● **Dataset extract**
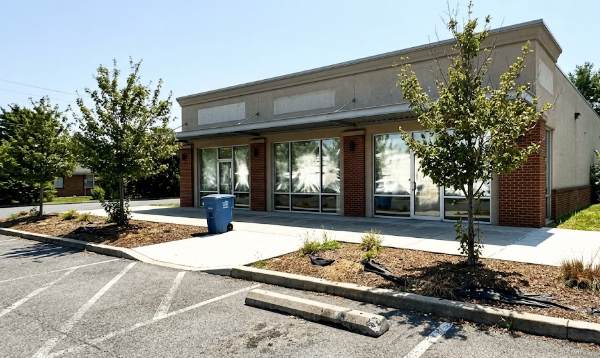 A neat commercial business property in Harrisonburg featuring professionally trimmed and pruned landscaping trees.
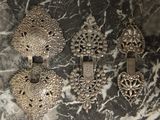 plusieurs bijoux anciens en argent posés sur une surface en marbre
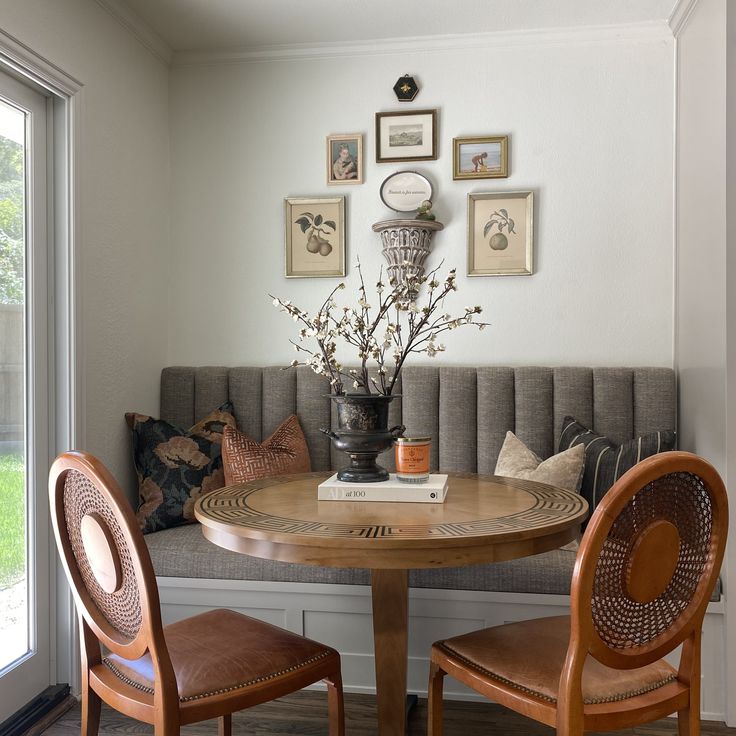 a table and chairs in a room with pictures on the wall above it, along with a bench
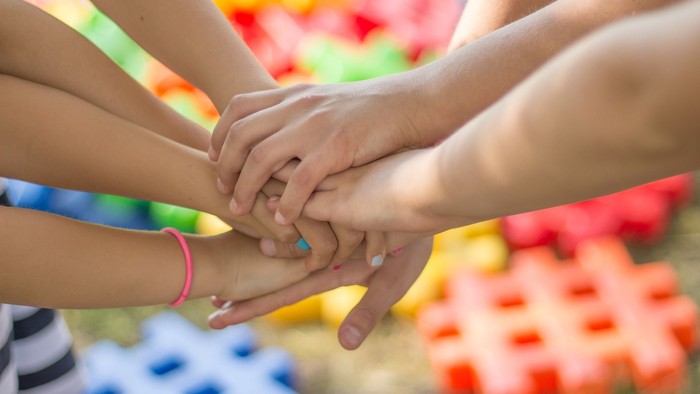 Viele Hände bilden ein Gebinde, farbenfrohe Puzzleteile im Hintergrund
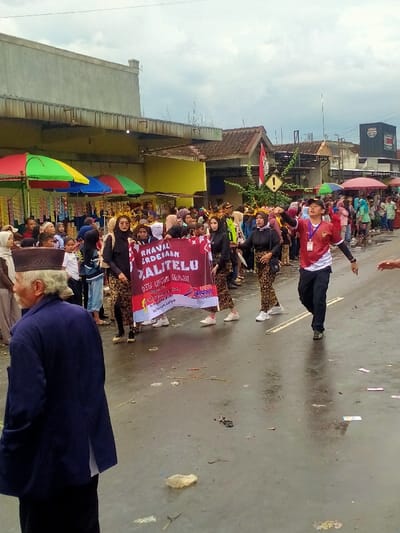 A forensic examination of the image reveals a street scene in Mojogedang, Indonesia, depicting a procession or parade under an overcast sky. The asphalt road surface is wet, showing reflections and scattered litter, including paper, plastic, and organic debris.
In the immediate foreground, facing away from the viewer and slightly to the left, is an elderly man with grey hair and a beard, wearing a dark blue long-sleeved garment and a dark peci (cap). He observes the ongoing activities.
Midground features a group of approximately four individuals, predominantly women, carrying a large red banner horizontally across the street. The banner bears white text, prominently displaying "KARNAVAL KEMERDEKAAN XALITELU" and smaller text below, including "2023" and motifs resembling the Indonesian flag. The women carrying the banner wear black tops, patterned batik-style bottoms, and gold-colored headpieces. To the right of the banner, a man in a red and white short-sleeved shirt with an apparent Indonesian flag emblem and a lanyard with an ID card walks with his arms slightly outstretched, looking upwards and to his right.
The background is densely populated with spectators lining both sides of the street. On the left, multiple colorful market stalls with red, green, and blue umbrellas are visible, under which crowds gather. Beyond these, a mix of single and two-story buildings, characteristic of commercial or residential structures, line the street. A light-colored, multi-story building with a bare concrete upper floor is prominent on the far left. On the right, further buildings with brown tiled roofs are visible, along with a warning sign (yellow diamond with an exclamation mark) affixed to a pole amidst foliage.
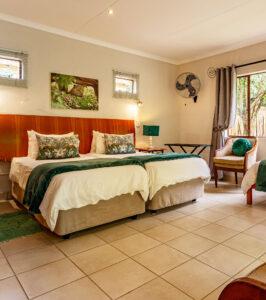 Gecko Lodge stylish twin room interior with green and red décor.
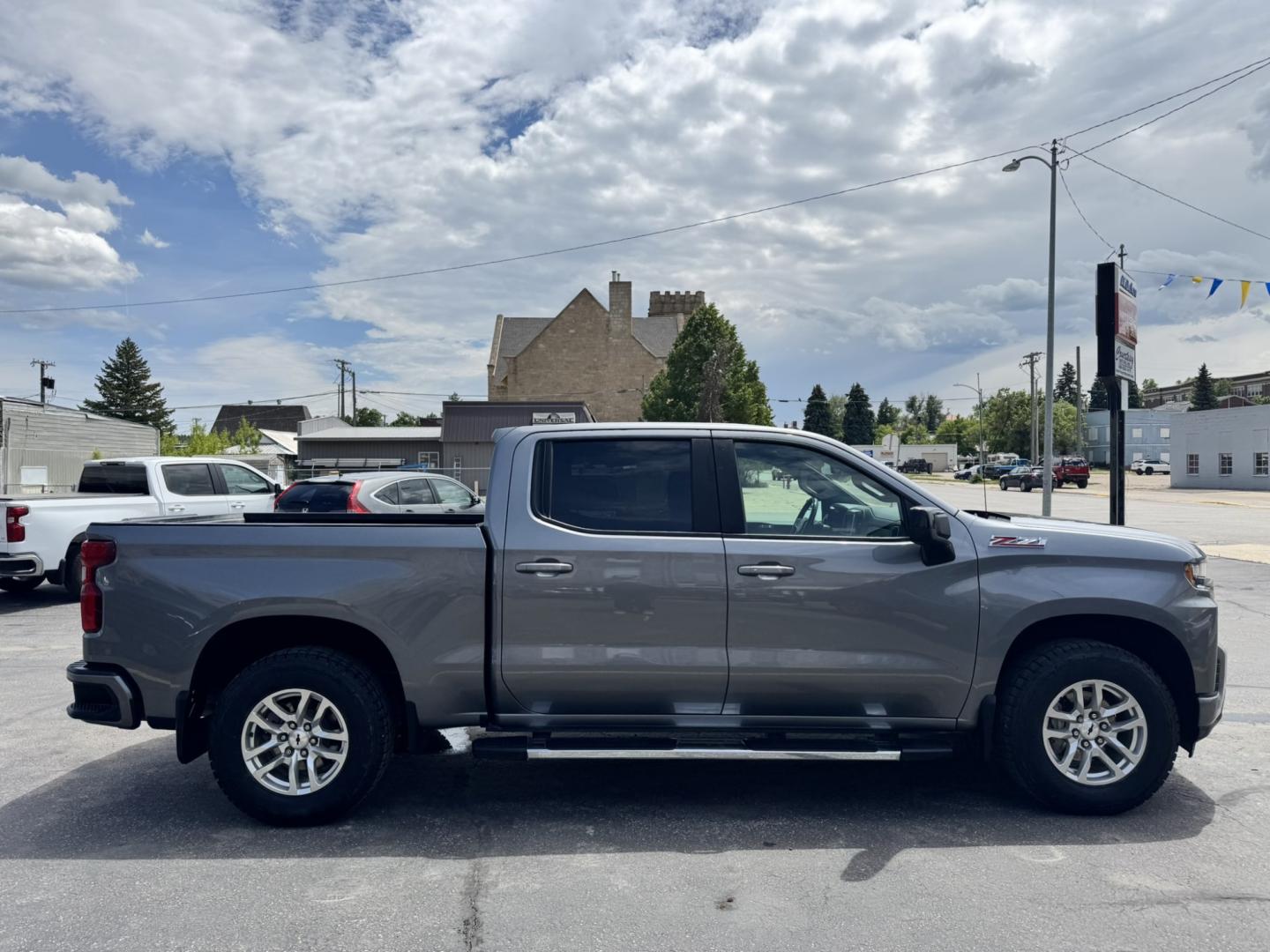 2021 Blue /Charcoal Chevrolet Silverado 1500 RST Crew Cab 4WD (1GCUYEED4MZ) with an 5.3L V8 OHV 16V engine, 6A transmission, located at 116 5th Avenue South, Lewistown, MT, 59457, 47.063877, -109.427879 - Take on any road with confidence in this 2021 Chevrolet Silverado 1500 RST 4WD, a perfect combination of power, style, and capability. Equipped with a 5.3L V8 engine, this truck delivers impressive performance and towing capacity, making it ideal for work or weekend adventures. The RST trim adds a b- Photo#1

● **Your instructions**
Pictures aside, repeat every line of the data above exactly.

● **Answer for the task**
 A neat commercial business property in Harrisonburg featuring professionally trimmed and pruned landscaping trees.
 plusieurs bijoux anciens en argent posés sur une surface en marbre
 a table and chairs in a room with pictures on the wall above it, along with a bench
 Viele Hände bilden ein Gebinde, farbenfrohe Puzzleteile im Hintergrund
 A forensic examination of the image reveals a street scene in Mojogedang, Indonesia, depicting a procession or parade under an overcast sky. The asphalt road surface is wet, showing reflections and scattered litter, including paper, plastic, and organic debris.
In the immediate foreground, facing away from the viewer and slightly to the left, is an elderly man with grey hair and a beard, wearing a dark blue long-sleeved garment and a dark peci (cap). He observes the ongoing activities.
Midground features a group of approximately four individuals, predominantly women, carrying a large red banner horizontally across the street. The banner bears white text, prominently displaying "KARNAVAL KEMERDEKAAN XALITELU" and smaller text below, including "2023" and motifs resembling the Indonesian flag. The women carrying the banner wear black tops, patterned batik-style bottoms, and gold-colored headpieces. To the right of the banner, a man in a red and white short-sleeved shirt with an apparent Indonesian flag emblem and a lanyard with an ID card walks with his arms slightly outstretched, looking upwards and to his right.
The background is densely populated with spectators lining both sides of the street. On the left, multiple colorful market stalls with red, green, and blue umbrellas are visible, under which crowds gather. Beyond these, a mix of single and two-story buildings, characteristic of commercial or residential structures, line the street. A light-colored, multi-story building with a bare concrete upper floor is prominent on the far left. On the right, further buildings with brown tiled roofs are visible, along with a warning sign (yellow diamond with an exclamation mark) affixed to a pole amidst foliage.
 Gecko Lodge stylish twin room interior with green and red décor.
 2021 Blue /Charcoal Chevrolet Silverado 1500 RST Crew Cab 4WD (1GCUYEED4MZ) with an 5.3L V8 OHV 16V engine, 6A transmission, located at 116 5th Avenue South, Lewistown, MT, 59457, 47.063877, -109.427879 - Take on any road with confidence in this 2021 Chevrolet Silverado 1500 RST 4WD, a perfect combination of power, style, and capability. Equipped with a 5.3L V8 engine, this truck delivers impressive performance and towing capacity, making it ideal for work or weekend adventures. The RST trim adds a b- Photo#1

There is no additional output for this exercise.